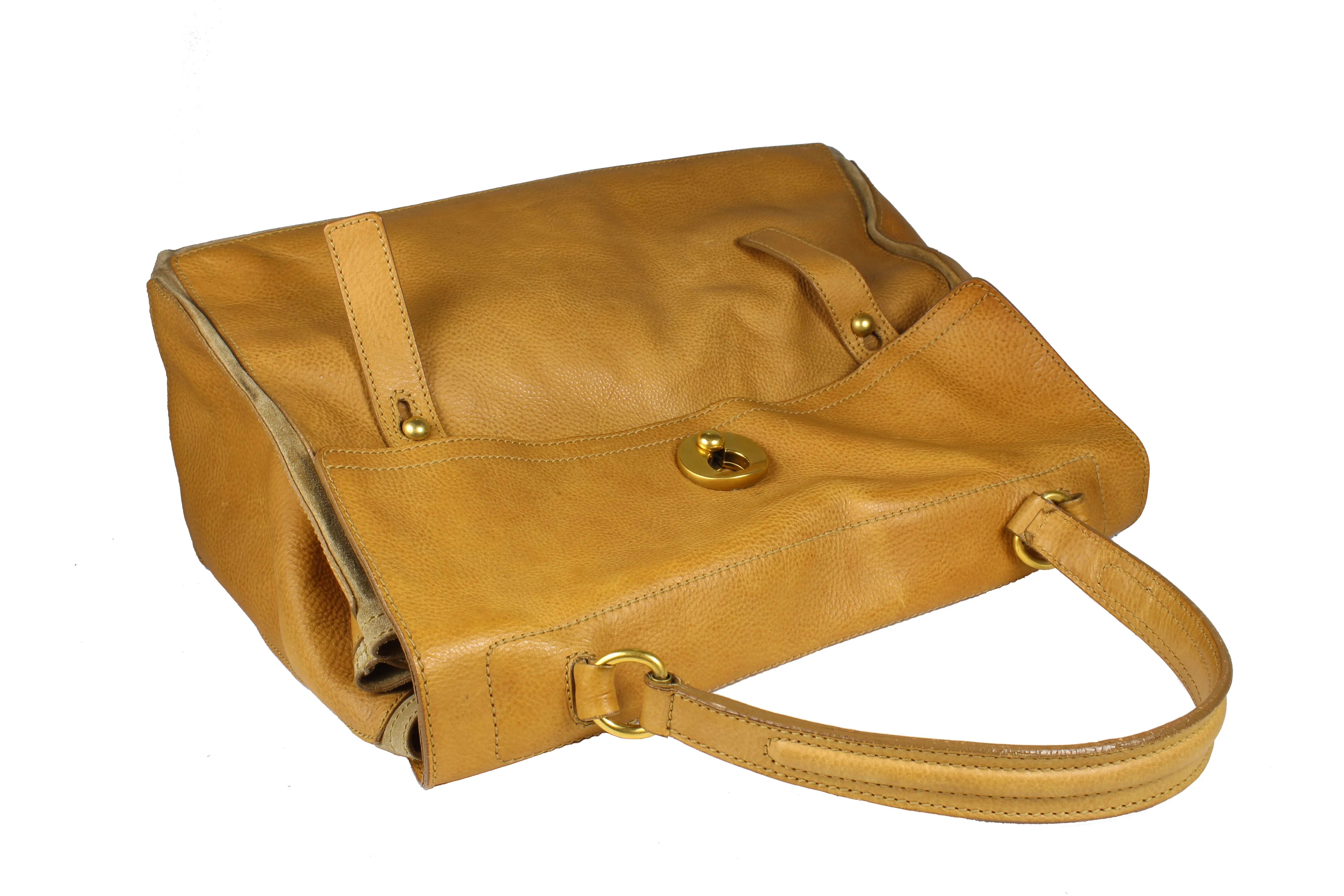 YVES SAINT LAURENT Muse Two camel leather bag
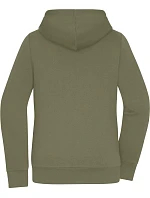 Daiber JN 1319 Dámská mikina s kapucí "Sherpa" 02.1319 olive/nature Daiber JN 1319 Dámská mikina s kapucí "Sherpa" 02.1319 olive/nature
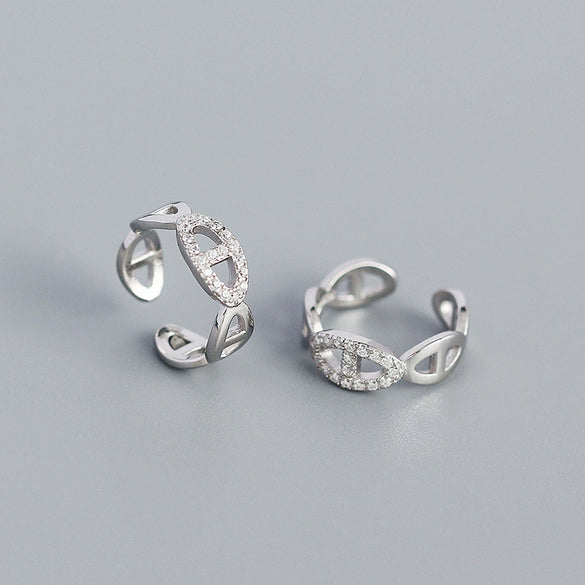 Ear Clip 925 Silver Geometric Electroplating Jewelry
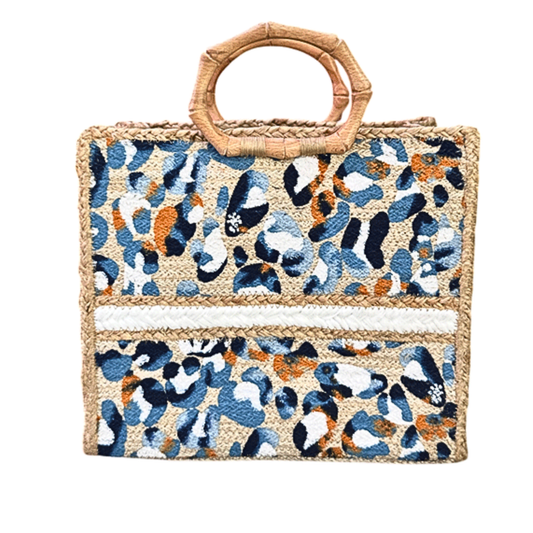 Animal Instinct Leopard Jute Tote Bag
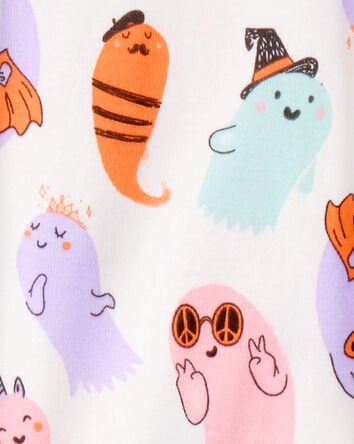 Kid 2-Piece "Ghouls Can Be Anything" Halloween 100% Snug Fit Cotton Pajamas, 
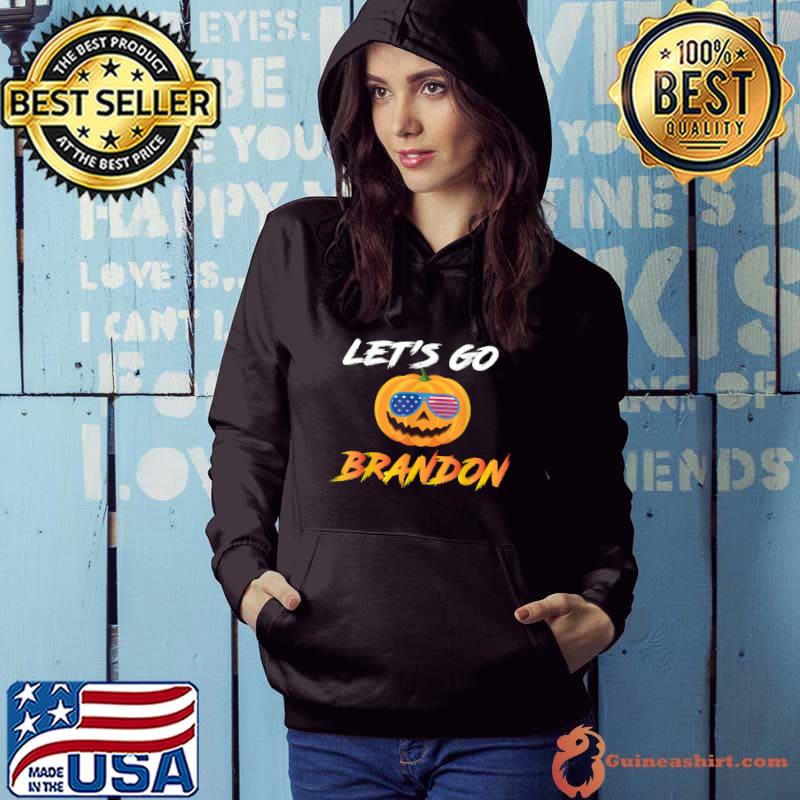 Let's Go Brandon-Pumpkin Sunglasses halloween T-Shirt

▶ [Exercise]:
Would you transcribe all of the data exactly, apart from its pictures?

▶ [Task solution]:
 YVES SAINT LAURENT Muse Two camel leather bag
 Daiber JN 1319 Dámská mikina s kapucí "Sherpa" 02.1319 olive/nature Daiber JN 1319 Dámská mikina s kapucí "Sherpa" 02.1319 olive/nature
 Ear Clip 925 Silver Geometric Electroplating Jewelry
 Animal Instinct Leopard Jute Tote Bag
 Kid 2-Piece "Ghouls Can Be Anything" Halloween 100% Snug Fit Cotton Pajamas, 
 Let's Go Brandon-Pumpkin Sunglasses halloween T-Shirt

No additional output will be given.